State, county and municipal governments need revenue to provide services for their residents. To pay for schools, roads, maintenance, police and fire protection, among other things, revenue must be raised in the form of taxes. Though some may use income and sales tax as a form of revenue collection, property taxes are the most common types of taxes at these levels of government.
Almost all real estate property taxes are determined by using a calculator for taxes on the value of the property multiplied by a tax rate set by the government. These types of taxes are known as ad valorem taxes. The tax rate is commonly referred to as a mill levy, or X amount of tax per $1,000 of valuation. If the taxing government has a rate of $8 per $1,000 of valuation, it is said to have a rate of 8 mills.
Valuation of Property
The government tax assessor will periodically value, or appraise the properties in the taxing district. The authority may send out a questionnaire to property owners, asking specific information on the property.
Valuations are made based on several factors, including:
- Lot size;
- Square footage of improvements, such as homes, buildings or garages;
- Quality of materials used in construction;
- Number of bedrooms, baths, etc;
- Type of foundation;
- Property fencing, decks, patios, etc.
Property will then be compared to recent property sales in the area. The tax assessor will attempt to compare the property to be assessed as close as possible to those sold recently. If there are differences between the sale property and the assessed property, adjustments can be made to the valuation.
After the property is valued the tax rate is applied to determine the tax. Some taxing authorities may apply the mill levy to the entire value of the property, or a percentage of the valuation. After the rate is applied, exemptions may be offered by the government. An exemption can either reduce the gross tax amount or tax at a lesser percentage.
If improvements need to be made to an area of properties, such as for sidewalks, curbs or sewers, the government will charge a special assessment. The assessment is usually only paid by the property owners receiving the improvement, rather than the entire city or town. The special assessments are usually paid over a number of years.
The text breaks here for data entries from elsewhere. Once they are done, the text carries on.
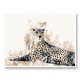 Focused Leopard Abstract Art Print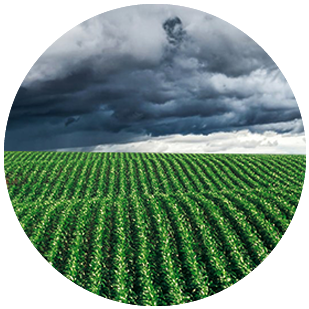 Monitoreo del clima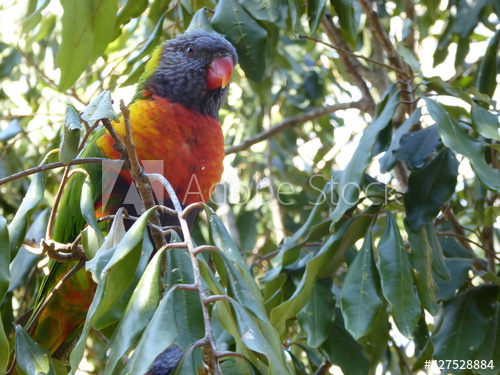 Rainbow%20Lorikeet%20in%20Australia.jpg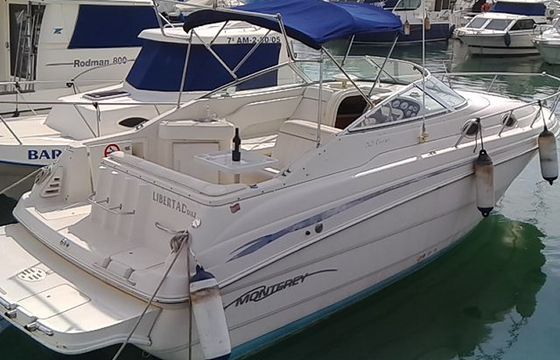 MONTEREY 262 CRUISER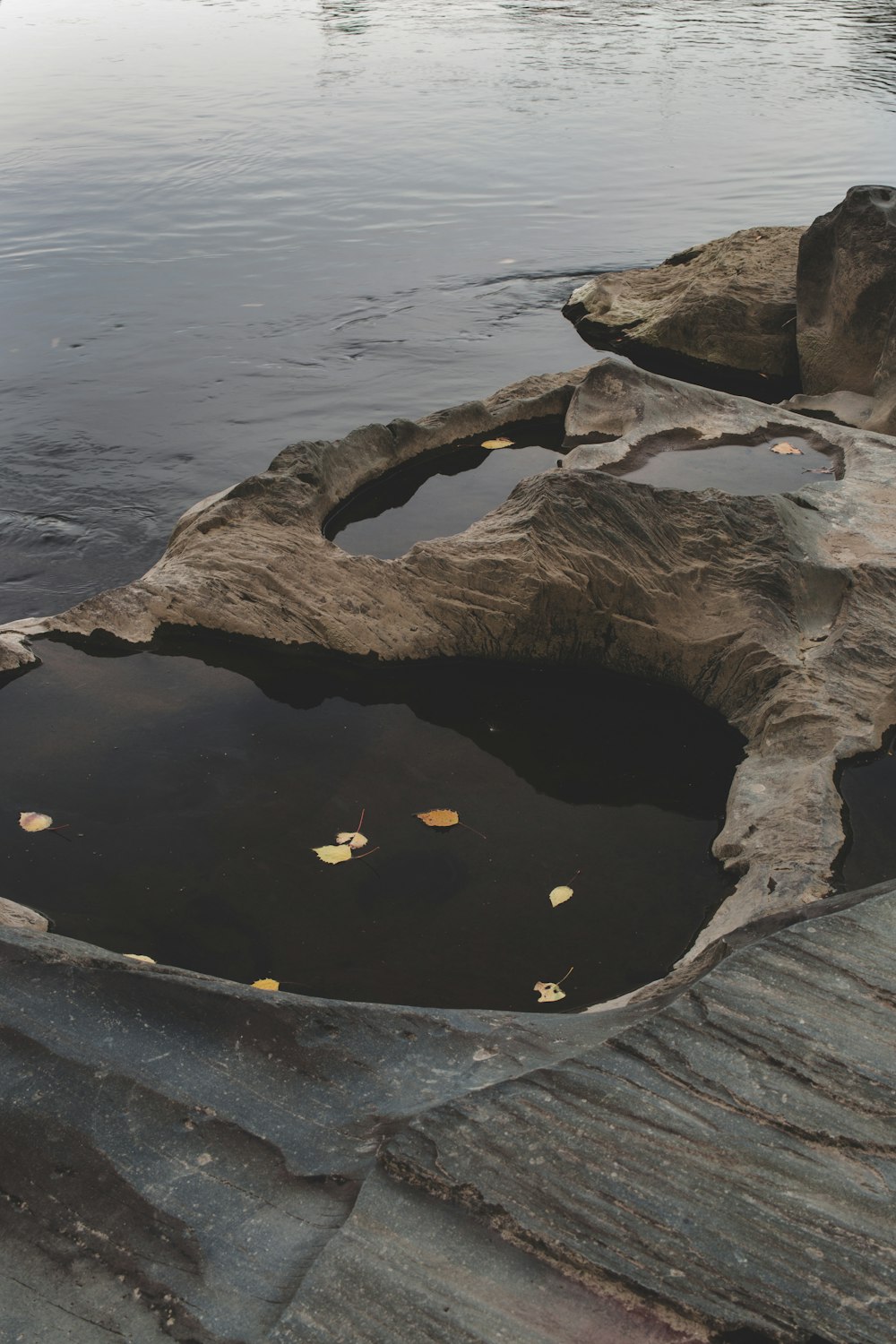 brown wood log on body of water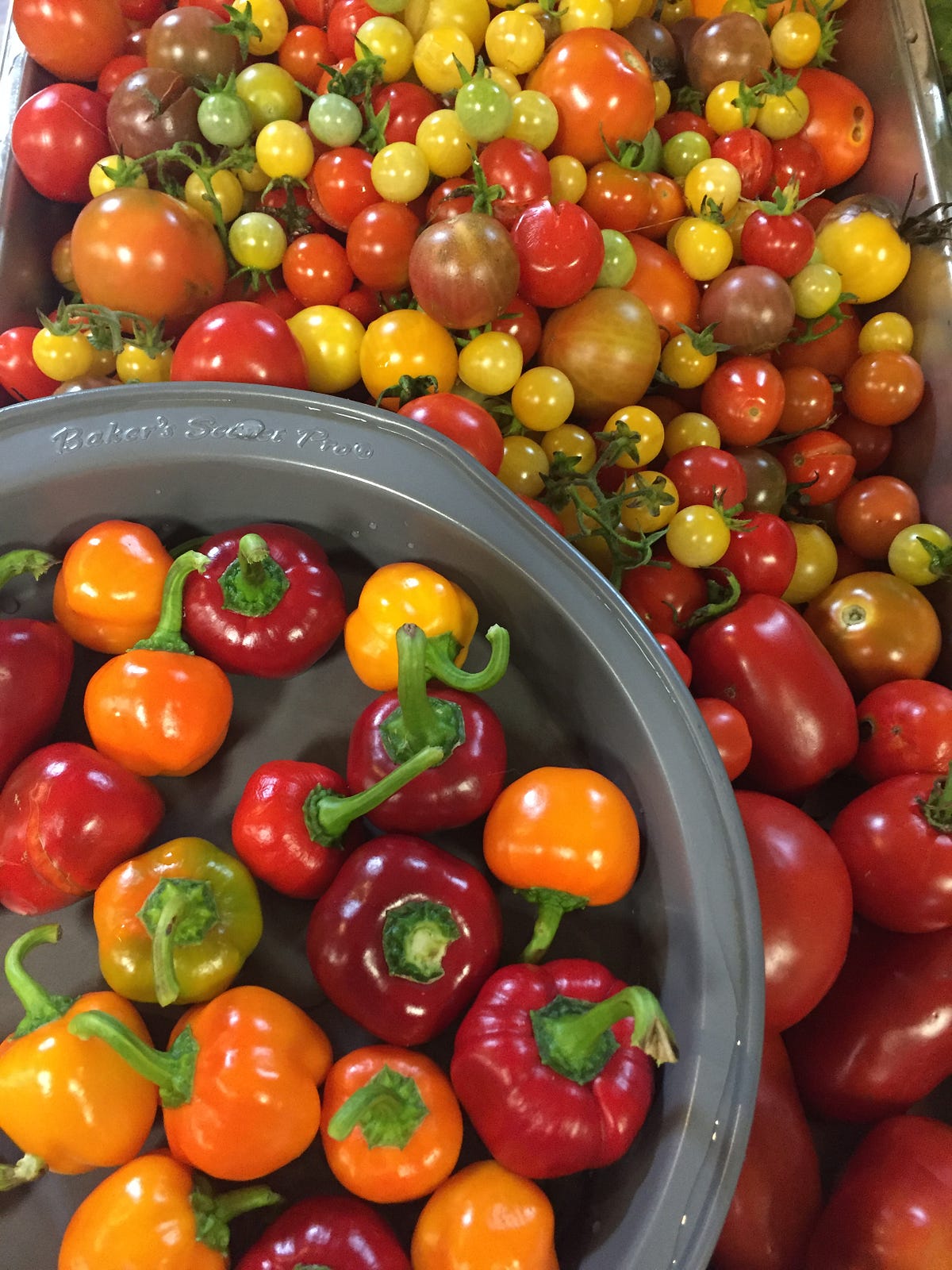 Low Cost Food Program Medium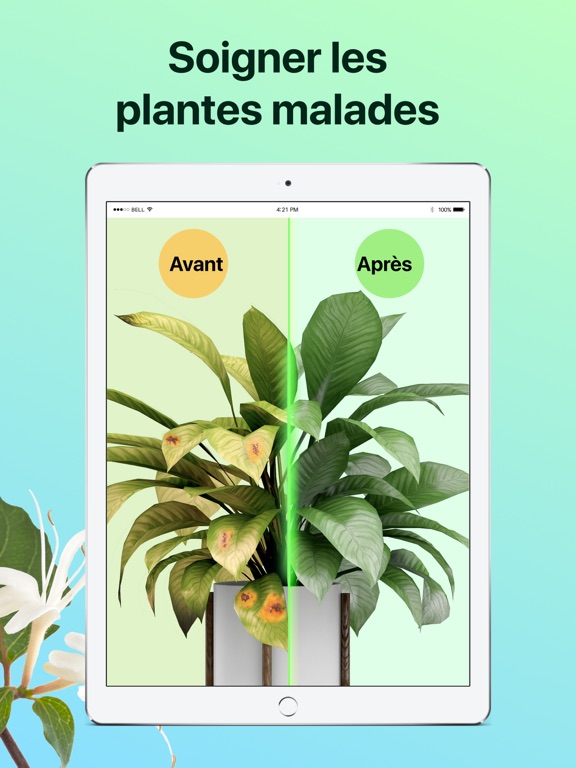 PictureThis:Identifier Plantes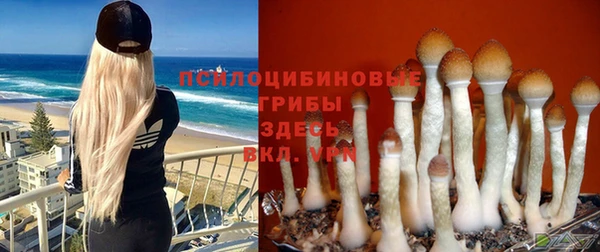 бутират Карпинск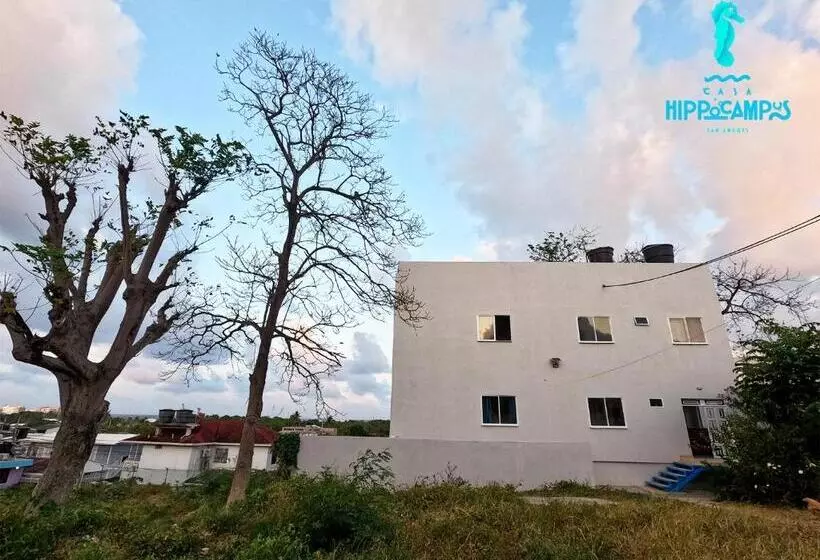 Aamiaismajoitus (B&B) Sukha Hippocampus San Andrés Isla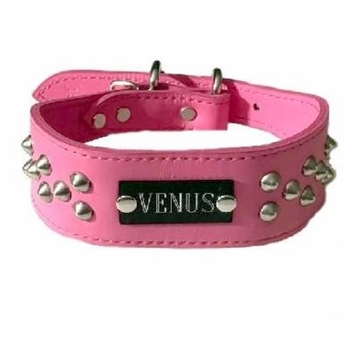 Leather Dog Collar with Name Plate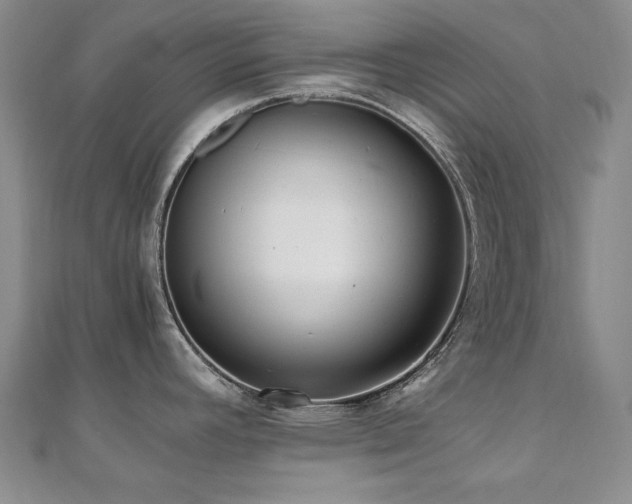 X0000110711392200906121345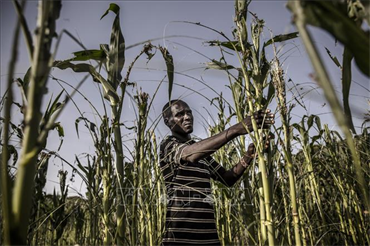 Châu Phi kêu gọi hành động khẩn cấp nhằm giải quyết tình trạng mất an ninh lương thực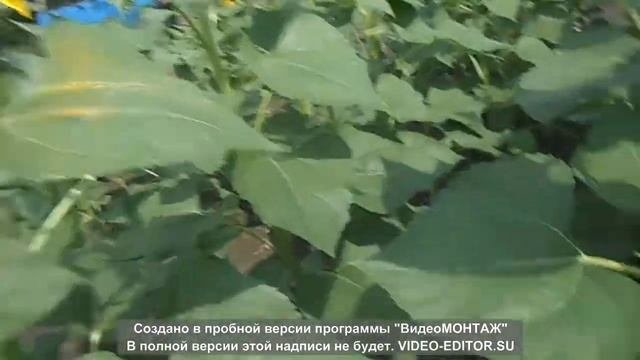Уборка  пшеницы , после дождей !  3 класс .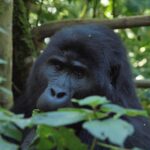 bwindi gorillas - Gorilla Trekking in Nkuringo vs. Buhoma - Gorilla Trekking in April - 3 Day Bwindi Gorilla Trek from Entebbe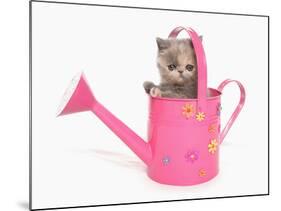Domestic Cat, Exotic Shorthair, kitten, sitting in pink watering can-Chris Brignell-Mounted Photographic Print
Payment and Protest of Taxes
Tax bills are usually sent twice per year. The months in which the tax bills are sent vary by state, but are usually spaced 6 months apart. They are required to be paid a month or so after receipt. Failure to pay timely subjects the owner to interest and penalties. If the taxes remain delinquent for too long, the government has the right to seek a tax sale of the property to pay the delinquent taxes.
If a property owner does not believe the tax amount is correct, there is a right to protest the amount assessed. Though once in a while the wrong tax rate may be applied, or a tax exemption was not credited, the most common form of protest is that the valuation of the property is incorrect.
To properly fight a tax bill, the property owner will need to determine how the property was valued, and point out incorrect methods of valuing. The owner will need to find the recent sale properties used by the authority in appraising the property and show the government authority why the property chosen differs from their property.
Property Tax Loans
Many property owners are now using the services of property tax loan companies to cover property taxes. Often the interest paid on the loan is less than the penalties and interest charged by the taxing authority. In addition, because the taxes become current, there is no risk of a tax sale on the property, nor does a delinquent tax show up on the owner's credit report.